First Friends (George Fox and the multitudes of seekers he found waiting for his message) came to believe in the light within, the indwelling spirit. This was called the "Christ within," as well. The idea was that all people have a measure of this spirit and that, if they will set aside the forms of worship and the theological notions they have been taught, this spirit will teach them and change them, this light will show them the way. It will transform them, conform them and they will exhibit new behaviors and attitudes that will testify to the change that has taken place within them as the result of this inward change, this work done within them by the Holy Spirit.

But, although first Friends were Christians and any that doubt that have but to read what they have written, they also very firmly believed that this spirit, this light, existed in all people, regardless of their faith. The lyric in the Quaker song is "...there's a light that is shining in the Turk and the Jew, there's a light that is shining, Friend, in me and in you." Among the first Friends were those who went to the Turks, and to the centers of power of many spiritual traditions (with little actual success) to expose them to The Truth of the light, the spirit, a measure of which waits in each of us to do its transforming work. Nonetheless, the idea that the spirit, the light, exists in all is firmly a part of Quakerism.

Although I am a Christian Quaker I take this universalism seriously and it has wider importance to me than it did to first Friends. And I do believe that anyone, anywhere, regardless of his or her spiritual tradition or lack of one, has access to this spirit, this light. If they will let it work on them--and it wants to work on all of us--they will become a "mystic"--one who is in a personal relationship with the divine. Over time this mystical relationship will change that person. And the product of this work, the fruit of this process of change, will always be the same. The spirit changes everyone it works on in the same way; the light shows all people the same path.
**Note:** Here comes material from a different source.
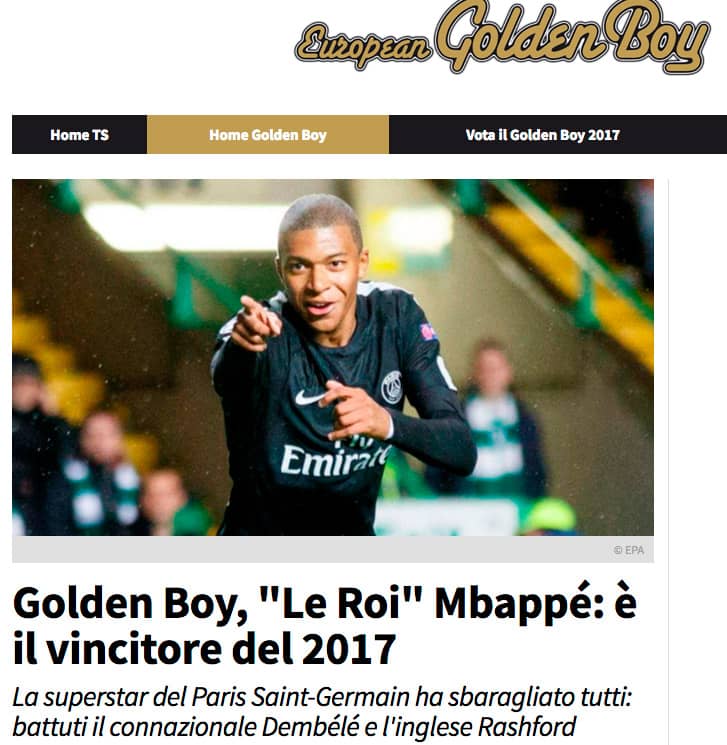 Kylian Mbappé se lleva el premio Golden Boy 2017 0
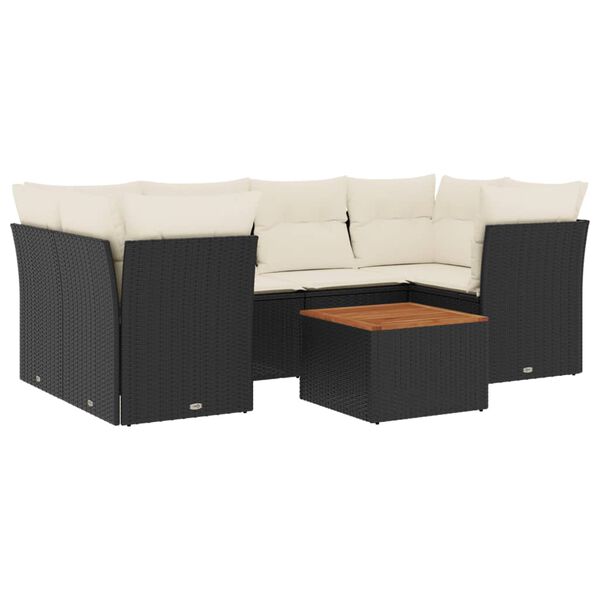 vidaXL Salon de jardin 7 pcs avec coussins noir r&eacute;sine tress&eacute;e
The Quakers have developed a list they call "The Testimonies." What these are is a source of discussion and disagreement among Quakers (are they "values?" are they our version of a "creed?"), but that they are is not much disputed. Over the past 350 years Quakers have been changed away from the "natural man" (describe it yourself, gentle reader, because you know what I mean. It's the human condition) into a person who is described, to one extent or another, by simplicity, harmony, equality, harmony and integrity. The existence of these characteristics in a person's behavior "testifies" to the change that has been done, the transformation that has taken place inside. This is what the spirit turns us into; it's the path along which the light leads us.
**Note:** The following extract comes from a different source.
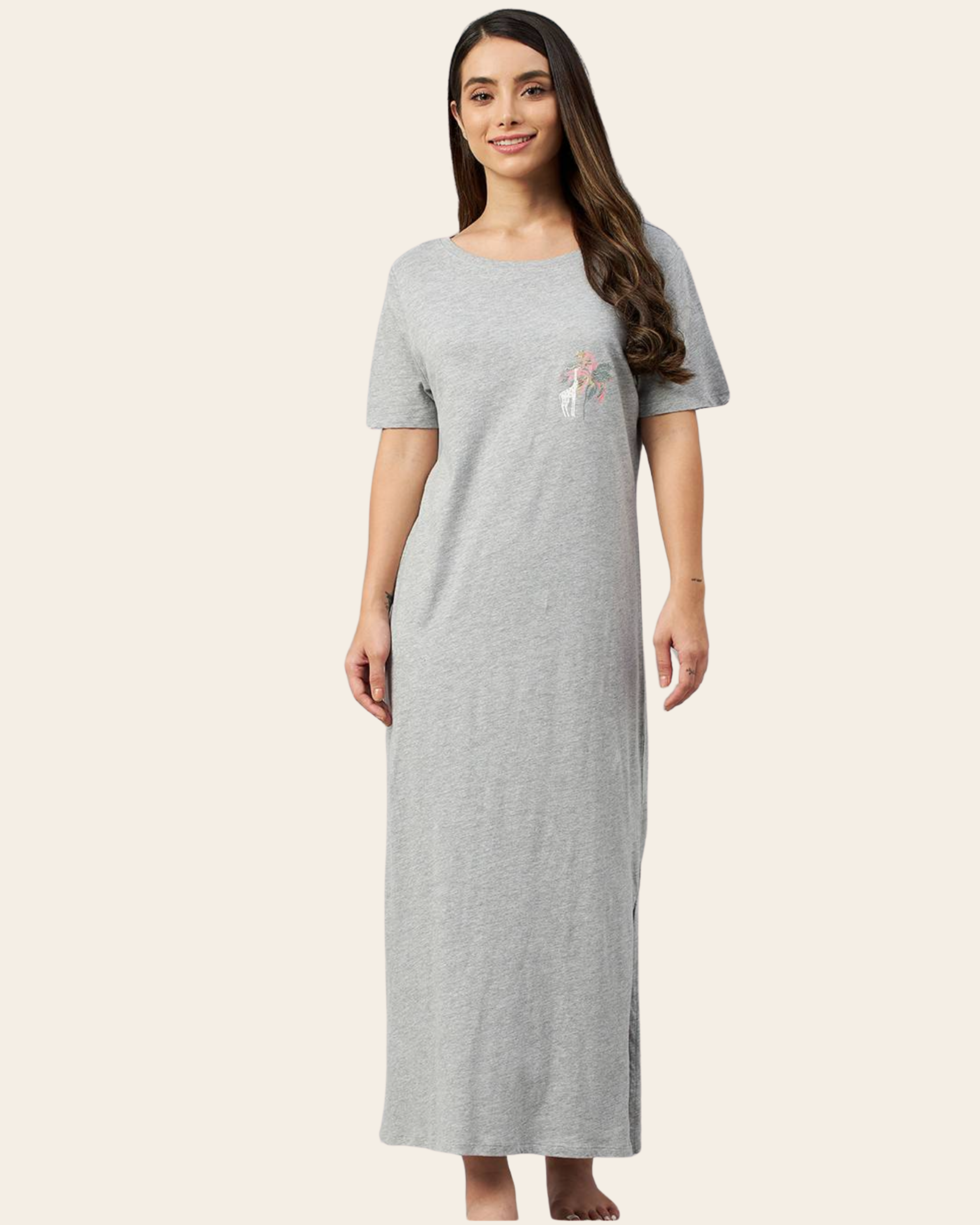 Grey Lounge Longline Nightdress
In any spiritual tradition there are mystics, people who have entered into an intentional and personal relationship with the spirit, answering the call that spirit makes to all, and allowing that spirit to do its work by clearing away the theological legalisms and formal stuff and the rituals and just being present, and open, to it. "Be still and know I am God."

And in every spiritual tradition these mystics are recognizable because they are described, as those Quakers who have similarly embraced the light are described, by the terms simplicity, equality, integrity, harmony and community. Wherever one finds oneself, in an Islamic tradition, a Jewish tradition, a Buddhist tradition or no spiritual tradition, a Friend can find other Friends, even though those we find may not know they are Friends. There is an outward manifestation of the inner change.
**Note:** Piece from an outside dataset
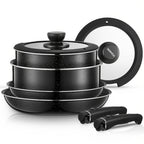 Juego de ollas y sartenes antiadherentes de 8 piezas, juegos de cacerolas con mangos desmontables, juego de utensilios de cocina apilables para todas las placas de cocción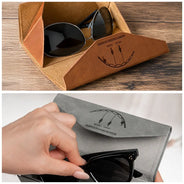 Happy,Gift For Men,Gift For Father,Gift For Grandpa,Gift For Husband,Dad's Hobby,Grandpa's Hobby,Fishing,Gift For Couples,Non-Eng,Icon,Adorable - Reel Cool Grandpa Dad With Kids Names - Personalized Leather Glasses Case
Friends who exist in these different contexts, if they do not see the illusions involved in these contexts, may not recognized one another, but they have been changed in the same way by the same spirit, and are walking the same path, by the illumination of the same light.

ps There are Quakers who are not mystics. There are Quakers who are legalistic, there are Friends who are intellectual and theological, Friends who are straight Christians and will tell you (and me, especially) that hell awaits those who don't start doing things they way they (think) they do. So, if you are not a Quaker, and you are reading this, keep in mind that not everyone you run into who calls him/herself a Quaker will approve of what I have written, here.